• [Work order]:
Set down the lines below, exactly, starting at the one that contains "Pecan Farm Guesthouse" and stopping at the last line, inclusive. Omit pictures.

• [Data supplied]:
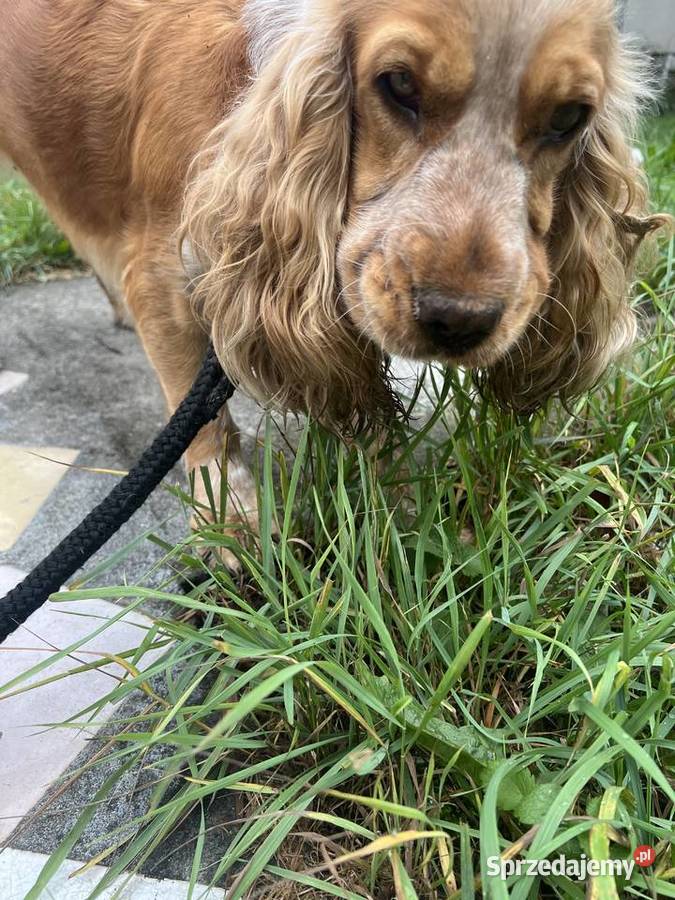 Sunia Cockier spaniel angielski kujawsko-pomorskie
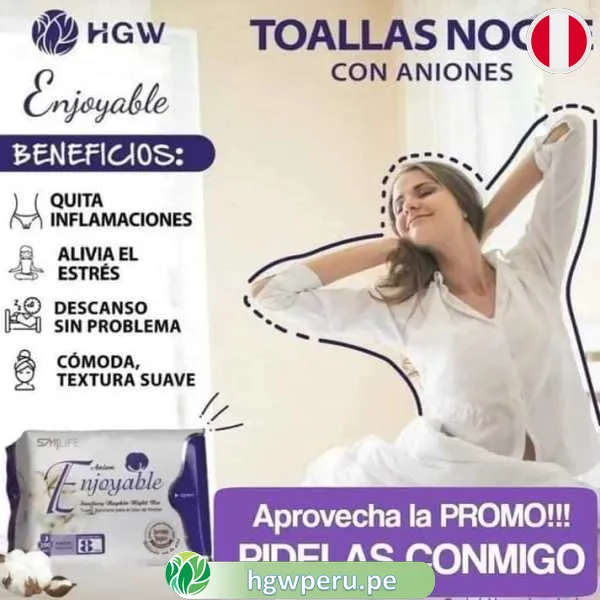 Toallas Higiénicas Noche HGW 🌙 | Banda de Anión y Protección 8h 1 Toallas Higiénicas Noche HGW 🌙 | Banda de Anión y Protección 8h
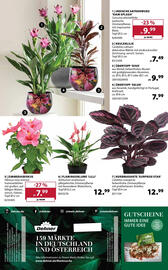 Dehner Prospekt woche 17 Seite 16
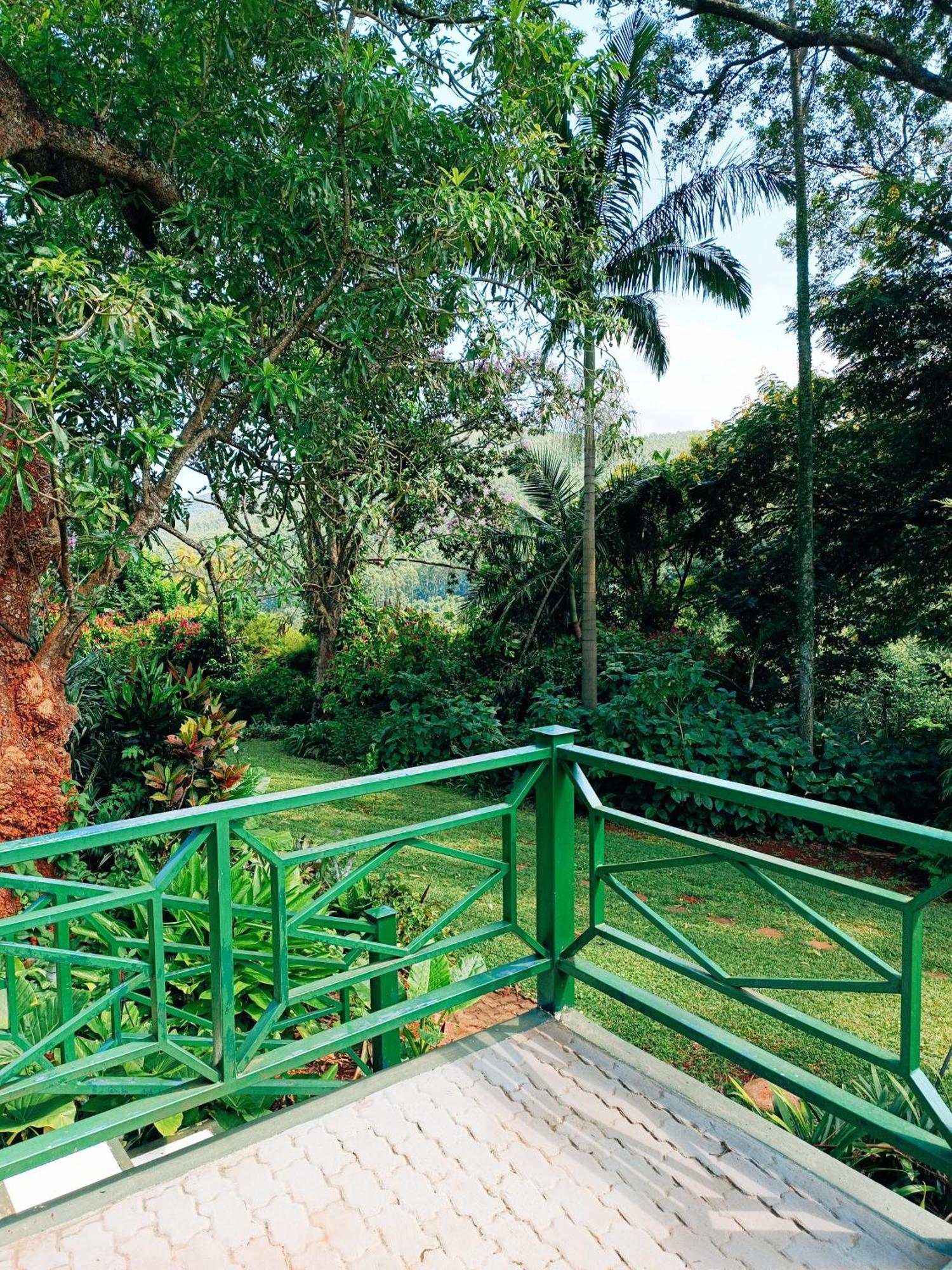 Pecan Farm Guesthouse Louis Trichardt Extérieur photo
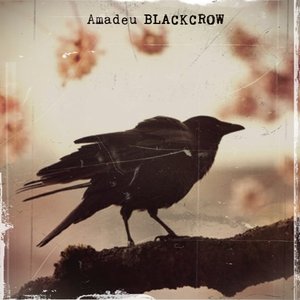 Image for 'BlackCrow'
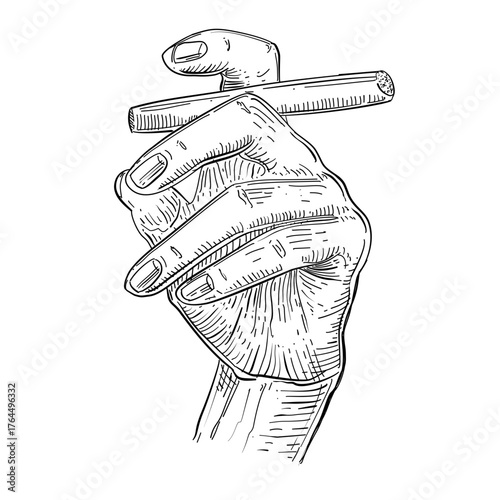 Hand holding cigar vector line art hand drawn illustration 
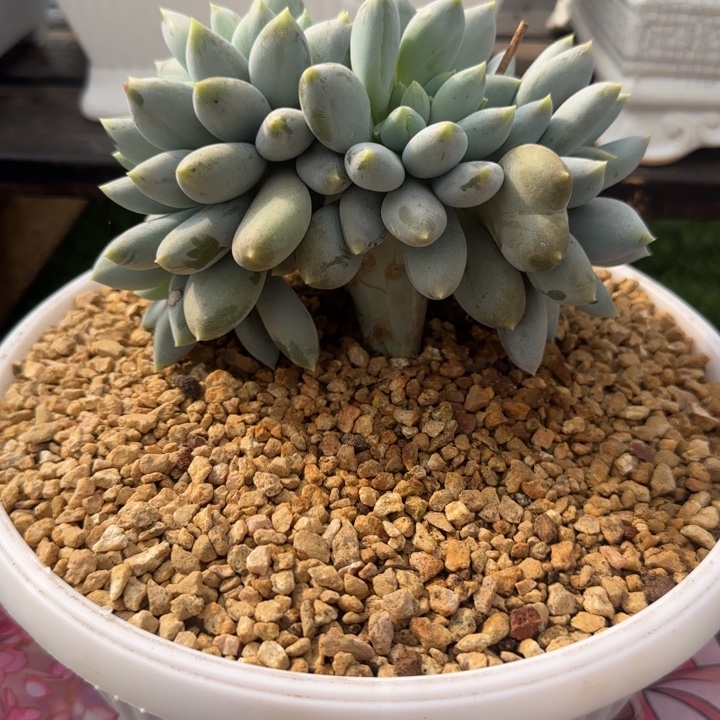 哥特缀化多肉植物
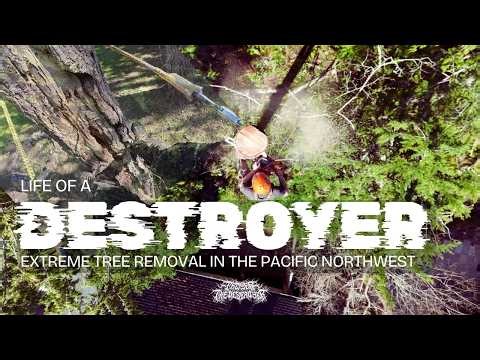 Life of a Destroyer: Extreme Tree Removal in the Pacific Northwest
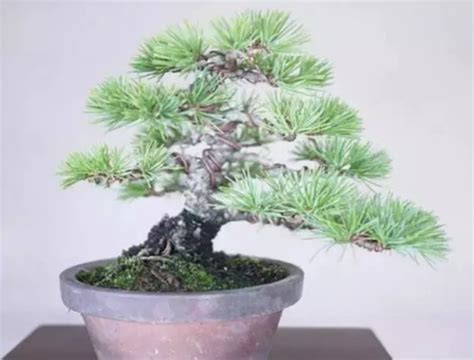 松树盆景制作方法-中国木业网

• [Written solution]:
 Pecan Farm Guesthouse Louis Trichardt Extérieur photo
 Image for 'BlackCrow'
 Hand holding cigar vector line art hand drawn illustration 
 哥特缀化多肉植物
 Life of a Destroyer: Extreme Tree Removal in the Pacific Northwest
 松树盆景制作方法-中国木业网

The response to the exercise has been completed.